Dal FATTO alla NOTIZIA: il percorso nel tempo.

Oggi parlando con un giornalista mi è venuto di pensare quanto uguale e quanto differente è il percorso tra l’avvenimento di un fatto e la diffusione del fatto. 

Da quando è iniziata la storia umana, qualche millennio fa, sino a circa 100 anni fa, cioè all’inizio del ventesimo secolo, la trasmissione era praticamente orale o, in casi fortunati, era opera di uno scrittore che casualmente “era sul posto” e decideva di tramandare la sua esperienza. 

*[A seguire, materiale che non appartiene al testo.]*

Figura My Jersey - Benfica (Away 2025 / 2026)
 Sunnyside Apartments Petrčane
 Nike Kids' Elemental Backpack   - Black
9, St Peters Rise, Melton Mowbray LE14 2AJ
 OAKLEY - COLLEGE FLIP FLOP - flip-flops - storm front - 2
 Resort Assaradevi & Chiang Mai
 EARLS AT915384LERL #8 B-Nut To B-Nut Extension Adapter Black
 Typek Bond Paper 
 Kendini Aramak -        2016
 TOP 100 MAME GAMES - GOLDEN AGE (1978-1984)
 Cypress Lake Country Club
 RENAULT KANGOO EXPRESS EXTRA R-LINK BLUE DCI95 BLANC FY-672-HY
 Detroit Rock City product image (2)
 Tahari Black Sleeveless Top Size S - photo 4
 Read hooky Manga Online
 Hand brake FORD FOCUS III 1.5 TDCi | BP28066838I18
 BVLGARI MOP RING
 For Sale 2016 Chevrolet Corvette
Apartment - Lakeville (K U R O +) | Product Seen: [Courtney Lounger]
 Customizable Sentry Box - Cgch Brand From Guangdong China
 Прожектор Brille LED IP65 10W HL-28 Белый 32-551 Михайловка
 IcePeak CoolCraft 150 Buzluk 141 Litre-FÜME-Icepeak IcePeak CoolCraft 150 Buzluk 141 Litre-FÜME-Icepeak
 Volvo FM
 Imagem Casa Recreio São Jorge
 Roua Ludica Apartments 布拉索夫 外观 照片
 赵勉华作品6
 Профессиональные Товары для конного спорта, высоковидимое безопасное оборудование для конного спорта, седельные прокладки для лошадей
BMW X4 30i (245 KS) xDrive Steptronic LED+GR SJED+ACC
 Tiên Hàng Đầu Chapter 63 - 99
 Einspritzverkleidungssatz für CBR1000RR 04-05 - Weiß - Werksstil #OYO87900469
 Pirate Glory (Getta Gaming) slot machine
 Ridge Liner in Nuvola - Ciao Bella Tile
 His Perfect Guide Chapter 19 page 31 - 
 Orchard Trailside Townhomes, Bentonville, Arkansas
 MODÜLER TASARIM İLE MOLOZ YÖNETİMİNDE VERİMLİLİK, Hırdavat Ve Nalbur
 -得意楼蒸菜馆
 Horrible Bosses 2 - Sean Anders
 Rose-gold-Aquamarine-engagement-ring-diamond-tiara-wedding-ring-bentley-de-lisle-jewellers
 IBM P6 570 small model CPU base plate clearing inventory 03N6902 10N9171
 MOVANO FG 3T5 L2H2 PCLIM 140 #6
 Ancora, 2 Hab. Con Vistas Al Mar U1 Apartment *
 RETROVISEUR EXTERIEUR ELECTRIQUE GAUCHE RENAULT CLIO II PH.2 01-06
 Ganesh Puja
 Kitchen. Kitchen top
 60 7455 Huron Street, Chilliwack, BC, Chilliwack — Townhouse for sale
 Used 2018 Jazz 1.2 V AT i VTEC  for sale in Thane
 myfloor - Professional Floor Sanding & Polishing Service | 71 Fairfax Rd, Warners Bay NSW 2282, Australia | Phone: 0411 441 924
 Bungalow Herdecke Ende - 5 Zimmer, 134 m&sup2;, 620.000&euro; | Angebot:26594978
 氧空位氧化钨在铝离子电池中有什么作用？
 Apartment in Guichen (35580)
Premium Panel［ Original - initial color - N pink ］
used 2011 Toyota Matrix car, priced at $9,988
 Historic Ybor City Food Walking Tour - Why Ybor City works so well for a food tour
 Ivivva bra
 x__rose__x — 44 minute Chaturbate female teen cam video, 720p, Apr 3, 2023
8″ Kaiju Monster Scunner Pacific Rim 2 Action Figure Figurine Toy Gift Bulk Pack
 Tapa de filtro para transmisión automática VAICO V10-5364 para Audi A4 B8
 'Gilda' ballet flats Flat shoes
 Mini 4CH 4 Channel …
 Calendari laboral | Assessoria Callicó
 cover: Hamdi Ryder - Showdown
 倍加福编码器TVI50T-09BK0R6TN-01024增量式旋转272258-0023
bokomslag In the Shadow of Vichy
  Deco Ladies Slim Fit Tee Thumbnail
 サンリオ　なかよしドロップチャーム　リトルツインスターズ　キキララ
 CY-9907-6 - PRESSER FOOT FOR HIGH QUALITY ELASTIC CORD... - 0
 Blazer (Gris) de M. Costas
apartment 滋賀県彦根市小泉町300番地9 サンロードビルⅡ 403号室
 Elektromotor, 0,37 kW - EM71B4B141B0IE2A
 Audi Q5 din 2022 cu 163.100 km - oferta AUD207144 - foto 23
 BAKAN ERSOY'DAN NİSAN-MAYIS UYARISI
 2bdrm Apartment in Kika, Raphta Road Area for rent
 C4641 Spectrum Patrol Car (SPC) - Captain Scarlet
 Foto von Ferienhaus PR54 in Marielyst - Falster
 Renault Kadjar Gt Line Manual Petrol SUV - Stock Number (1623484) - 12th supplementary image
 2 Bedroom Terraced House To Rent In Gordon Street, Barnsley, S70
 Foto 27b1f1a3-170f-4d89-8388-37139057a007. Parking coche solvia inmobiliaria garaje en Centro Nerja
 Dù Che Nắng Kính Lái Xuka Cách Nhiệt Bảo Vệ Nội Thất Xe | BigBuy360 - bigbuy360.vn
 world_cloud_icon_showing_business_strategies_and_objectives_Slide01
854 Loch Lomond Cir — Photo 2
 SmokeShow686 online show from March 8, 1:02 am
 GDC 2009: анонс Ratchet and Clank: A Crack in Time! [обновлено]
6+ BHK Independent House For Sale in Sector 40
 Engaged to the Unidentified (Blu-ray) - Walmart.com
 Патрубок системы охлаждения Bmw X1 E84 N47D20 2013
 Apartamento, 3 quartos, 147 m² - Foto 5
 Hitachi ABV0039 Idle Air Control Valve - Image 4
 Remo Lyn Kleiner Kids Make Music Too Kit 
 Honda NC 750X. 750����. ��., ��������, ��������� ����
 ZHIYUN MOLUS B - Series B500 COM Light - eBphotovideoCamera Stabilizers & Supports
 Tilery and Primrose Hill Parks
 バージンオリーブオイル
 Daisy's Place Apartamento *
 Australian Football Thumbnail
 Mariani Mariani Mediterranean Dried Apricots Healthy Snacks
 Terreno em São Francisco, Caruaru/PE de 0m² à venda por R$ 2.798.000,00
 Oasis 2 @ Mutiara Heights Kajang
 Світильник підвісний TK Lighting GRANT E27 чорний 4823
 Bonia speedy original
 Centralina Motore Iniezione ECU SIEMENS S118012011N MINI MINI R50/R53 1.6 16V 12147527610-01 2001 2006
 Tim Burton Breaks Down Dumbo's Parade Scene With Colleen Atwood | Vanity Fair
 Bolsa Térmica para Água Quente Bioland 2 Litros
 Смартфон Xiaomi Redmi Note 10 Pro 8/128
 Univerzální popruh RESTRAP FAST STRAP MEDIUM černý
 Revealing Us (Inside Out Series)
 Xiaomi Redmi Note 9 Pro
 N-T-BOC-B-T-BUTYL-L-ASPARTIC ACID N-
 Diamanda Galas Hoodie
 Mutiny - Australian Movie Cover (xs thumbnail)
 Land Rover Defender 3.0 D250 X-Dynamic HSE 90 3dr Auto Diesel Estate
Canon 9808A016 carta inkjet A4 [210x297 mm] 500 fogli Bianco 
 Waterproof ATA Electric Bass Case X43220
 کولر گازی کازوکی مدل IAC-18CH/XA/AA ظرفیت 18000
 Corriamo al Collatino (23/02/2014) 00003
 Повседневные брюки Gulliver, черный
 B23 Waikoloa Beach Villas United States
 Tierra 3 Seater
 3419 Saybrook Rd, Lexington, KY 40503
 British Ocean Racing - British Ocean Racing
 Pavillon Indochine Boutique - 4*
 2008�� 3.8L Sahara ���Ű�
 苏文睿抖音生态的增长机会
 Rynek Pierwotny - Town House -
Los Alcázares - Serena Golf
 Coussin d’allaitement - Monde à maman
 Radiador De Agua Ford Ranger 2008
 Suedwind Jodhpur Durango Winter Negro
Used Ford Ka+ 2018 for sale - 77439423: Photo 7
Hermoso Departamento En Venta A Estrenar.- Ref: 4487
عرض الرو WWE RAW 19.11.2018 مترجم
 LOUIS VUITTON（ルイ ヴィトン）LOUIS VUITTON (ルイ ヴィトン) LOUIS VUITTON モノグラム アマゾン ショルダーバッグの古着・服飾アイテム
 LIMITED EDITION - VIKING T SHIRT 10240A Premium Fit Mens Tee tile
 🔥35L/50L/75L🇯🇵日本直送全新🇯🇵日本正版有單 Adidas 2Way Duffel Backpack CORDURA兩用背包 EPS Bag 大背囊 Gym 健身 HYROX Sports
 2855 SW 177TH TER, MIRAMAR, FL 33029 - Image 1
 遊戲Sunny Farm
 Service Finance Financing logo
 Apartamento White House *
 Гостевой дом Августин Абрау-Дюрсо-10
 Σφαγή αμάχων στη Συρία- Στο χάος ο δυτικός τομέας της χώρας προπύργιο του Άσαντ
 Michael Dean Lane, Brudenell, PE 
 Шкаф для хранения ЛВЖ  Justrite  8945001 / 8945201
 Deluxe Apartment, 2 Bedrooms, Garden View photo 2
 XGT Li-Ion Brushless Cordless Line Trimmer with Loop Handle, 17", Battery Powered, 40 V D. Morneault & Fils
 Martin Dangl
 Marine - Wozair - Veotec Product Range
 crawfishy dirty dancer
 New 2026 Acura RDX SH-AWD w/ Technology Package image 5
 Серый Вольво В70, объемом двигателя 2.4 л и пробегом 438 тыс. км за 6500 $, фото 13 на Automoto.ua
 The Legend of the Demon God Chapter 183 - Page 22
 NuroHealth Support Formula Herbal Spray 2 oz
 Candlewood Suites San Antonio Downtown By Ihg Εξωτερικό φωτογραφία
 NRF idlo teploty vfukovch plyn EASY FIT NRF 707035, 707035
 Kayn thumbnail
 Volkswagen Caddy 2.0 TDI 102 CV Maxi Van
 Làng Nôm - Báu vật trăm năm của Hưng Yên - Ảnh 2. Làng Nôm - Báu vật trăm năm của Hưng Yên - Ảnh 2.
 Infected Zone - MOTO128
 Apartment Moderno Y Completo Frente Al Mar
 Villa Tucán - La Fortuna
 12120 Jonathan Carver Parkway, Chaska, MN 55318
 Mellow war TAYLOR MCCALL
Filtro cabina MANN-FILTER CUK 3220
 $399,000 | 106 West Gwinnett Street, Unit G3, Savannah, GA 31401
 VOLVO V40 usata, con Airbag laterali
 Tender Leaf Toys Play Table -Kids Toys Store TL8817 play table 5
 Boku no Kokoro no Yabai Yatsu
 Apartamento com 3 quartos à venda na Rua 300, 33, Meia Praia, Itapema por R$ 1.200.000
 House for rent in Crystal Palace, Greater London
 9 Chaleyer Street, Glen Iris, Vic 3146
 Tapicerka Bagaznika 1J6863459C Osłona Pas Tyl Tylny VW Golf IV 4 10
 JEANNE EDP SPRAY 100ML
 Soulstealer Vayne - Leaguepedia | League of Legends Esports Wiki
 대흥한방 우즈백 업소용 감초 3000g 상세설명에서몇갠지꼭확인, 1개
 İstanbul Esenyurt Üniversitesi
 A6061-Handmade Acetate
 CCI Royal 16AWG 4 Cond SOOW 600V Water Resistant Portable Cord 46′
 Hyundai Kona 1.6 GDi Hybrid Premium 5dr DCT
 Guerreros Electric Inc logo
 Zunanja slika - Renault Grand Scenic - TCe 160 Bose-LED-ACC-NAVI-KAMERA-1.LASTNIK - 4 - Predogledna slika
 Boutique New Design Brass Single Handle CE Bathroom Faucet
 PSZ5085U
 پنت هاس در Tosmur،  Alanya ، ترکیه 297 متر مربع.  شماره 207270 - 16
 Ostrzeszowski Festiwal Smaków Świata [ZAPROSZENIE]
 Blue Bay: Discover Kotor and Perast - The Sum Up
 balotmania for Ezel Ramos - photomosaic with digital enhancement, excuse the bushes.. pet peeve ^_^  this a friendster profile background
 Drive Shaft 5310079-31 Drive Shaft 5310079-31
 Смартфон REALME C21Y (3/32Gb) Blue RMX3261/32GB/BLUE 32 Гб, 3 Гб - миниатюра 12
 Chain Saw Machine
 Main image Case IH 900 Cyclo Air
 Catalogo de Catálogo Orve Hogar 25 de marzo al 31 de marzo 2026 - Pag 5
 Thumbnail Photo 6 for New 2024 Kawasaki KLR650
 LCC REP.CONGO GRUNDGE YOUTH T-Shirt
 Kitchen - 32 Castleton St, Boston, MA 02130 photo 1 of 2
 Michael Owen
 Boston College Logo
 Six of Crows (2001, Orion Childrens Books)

L’elettricità, il telefono ed il telegrafo sono stati gli artefici del primo grande mutamento.
INTERNET e la rete, circa 80 anni dopo, hanno prodotto un ulteriore grande cambiamento.
Proviamo ad esaminare un po più in dettaglio l’iter della notizia e cosa è cambiato. A me sembra che questo iter possa essere esaminato indipendentemente dal fatto che si parli di notizie di eventi “normali” o di eventi speciali, intendendo con l’aggettivo “normale” un fatto che interessa il pubblico, ma non in modo particolarmente importante.
Una notizia nasce, giornalisticamente parlando, quando si verifica un avvenimento che ha aspetti non consueti: la ben nota storia “dell’uomo che morde il cane”. Il giornalista che apprende il fatto, lo descrive, lo invia al giornale, il giornale lo pubblica, il lettore lo legge. Analizziamo ora i vari passaggi per scoprire le differenze tra quello che succedeva cira 40-50 anni fa ed oggi. 

Esistevano, come esistono ora, giornalisti che potremo dire “presenti al fatto” che, come lo storico Montanelli e la sua Lettera22 o gli attuali inviati presenti sul teatro d’azione, scrivono la notizia e la trasmettono. Tra questi due modi di lavorare, legati ovviamente alla pura tecnologia, esistono solo differenti velocità di trasmissione. Montanelli scriveva il pezzo, lo dettava al telefono ad uno stenografo che poi lo passava per la pubblicazione. Il moderno giornalista è più fortunato: scrive il pezzo sul suo PC, si collega via rete e l’articolo è pronto per l’impaginazione.
Seconda tipologia di giornalista, che mi piace di definire stanziale, è quello che riceveva le notizie d’agenzia trasmesse dalla telescrivente, le rimasticava e le passava per la pubblicazione. Ora lo stesso giornalista stanziale riceve le notizie d’agenzia sul proprio PC, opera il minimo di personalizzazione possibile e compone direttamente il pezzo per la stampa.
L’importante differenza, non tra ieri ed oggi, ma tra giornalismo vero e trasmissione di notizie è data dalla qualità dell’interprete della notizia e non dalla velocità e semplicità di trasmissione.
Un pezzo scialbo e sciatto, anche se composto sotto le pallottole che fischiano o mentre è in corso un cataclisma, sarà sempre freddo ed incapace di comunicare emozioni.
Un pezzo che fa rivivere le emozioni del momento, anche se riguarda semplicemente la caduta di un ciclista, riesce a far vedere l’accaduto.
Come conclusione di questa nota mi sembra di poter dire che la qualità di un pezzo giornalistico non è data dai supporti tecnici che ne hanno permesso la produzione, ma dalla capacità umana di comporre l’informazione.
La seconda considerazione riguarda la temuta fine dei giornali cartacei a favore di mezzi di diffusione digitale. Personalmente ritengo sia un falso problema perché mette in primo piano il contenitore rispetto al contenuto. Anni fa esistevano i giornali formato lenzuolo, odorosi di petrolio e che sporcavano mani e camice se letti prima di 6 ore dal momento della stampa fisica. Ora si è arrivati quasi generalmente al formato tabloid, molto più comodo e meno puzzolente di petrolio. Domai, ma un domani molto prossimo, leggeremo i giornali su tablet e simili, forse affaticheremo un po di più gli occhi, ma sicuramente sarà necessario meno spazio per leggerli. La grande differenza, ieri come oggi, sarà data dalle qualità di chi scrive e dalla sua capacità di farci sentire presenti al fatto.
Quasi ovvia mi pare la gattopardesca conclusione: che tutto cambi perché nulla si muti!